The Weyermann web site has an APA designed by Ray (Designing Great Beers) Daniels that is some 97% Vienna malt and.. suprise Cascade....

K


----------



## Kai (18/11/07)

Trent said:


> Alot of people are saying that APA's are all about the hops, but in my experience, the best APA's are balanced with a good malt backbone, rather than just hops.

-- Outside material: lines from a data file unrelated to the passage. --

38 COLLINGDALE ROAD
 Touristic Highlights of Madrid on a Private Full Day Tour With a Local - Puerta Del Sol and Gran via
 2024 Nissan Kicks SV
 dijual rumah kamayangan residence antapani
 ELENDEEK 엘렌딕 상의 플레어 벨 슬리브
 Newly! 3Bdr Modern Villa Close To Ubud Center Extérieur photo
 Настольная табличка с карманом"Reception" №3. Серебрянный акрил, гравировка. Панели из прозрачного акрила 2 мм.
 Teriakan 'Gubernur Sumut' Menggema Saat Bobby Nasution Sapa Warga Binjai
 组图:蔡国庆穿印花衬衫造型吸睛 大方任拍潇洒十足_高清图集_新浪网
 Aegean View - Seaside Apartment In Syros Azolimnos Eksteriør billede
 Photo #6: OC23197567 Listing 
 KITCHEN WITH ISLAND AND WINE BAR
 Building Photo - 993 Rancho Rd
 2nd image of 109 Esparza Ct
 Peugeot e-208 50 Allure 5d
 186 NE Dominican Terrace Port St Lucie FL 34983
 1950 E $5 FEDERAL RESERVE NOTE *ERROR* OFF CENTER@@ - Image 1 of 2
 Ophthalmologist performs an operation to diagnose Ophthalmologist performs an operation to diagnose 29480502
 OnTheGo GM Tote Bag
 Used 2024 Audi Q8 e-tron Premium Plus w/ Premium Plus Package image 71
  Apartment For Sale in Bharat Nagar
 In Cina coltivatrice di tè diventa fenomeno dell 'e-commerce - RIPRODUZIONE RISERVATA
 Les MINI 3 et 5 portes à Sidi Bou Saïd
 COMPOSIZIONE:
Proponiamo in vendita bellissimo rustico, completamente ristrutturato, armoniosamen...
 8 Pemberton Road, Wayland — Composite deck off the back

"all about the hops" doesn't mean overhopped or imbalanced, it just means the hops are what defines the style, be it a 100% lightly hopped low alcohol APA or something a little ballsier..


----------



## Jazzafish (18/11/07)

dr K said:


> really have to agree with Trent on this one. APA, like all beer, is about balance, if you hop the heck out of it make sure you have a malt backbone as solid and straight as a steel girder. I once judged a flight of APA's and there two were stand-outs, a hyper hopped number with a huge malt body and a wondrfull, delicate APA, in perfect tune.
> The Weyermann web site has an APA designed by Ray (Designing Great Beers) Daniels that is some 97% Vienna malt and.. suprise Cascade....
> 
> K



I agree... But Mashing at 68*C with JW Ale/Pils will improve its balance in high hopped ales. The yeast and fermentation temps are also not to be put in the back seet... Don't be scared of stuck ferments at a 68*C Sacch temp either, my latest summer ale at 67*C went down to 1.007! Shame I was aiming for a 1.010


----------



## tangent (18/11/07)

i wouldn't touch JW malts with a 10 foot pole
most others have ranged from good to excellent


----------



## Tony (18/11/07)

I havnt used JW malts in years.

I recently bought a bag of trad ale malt and made a 100% base malt beer with it with 100% POR to see what its like.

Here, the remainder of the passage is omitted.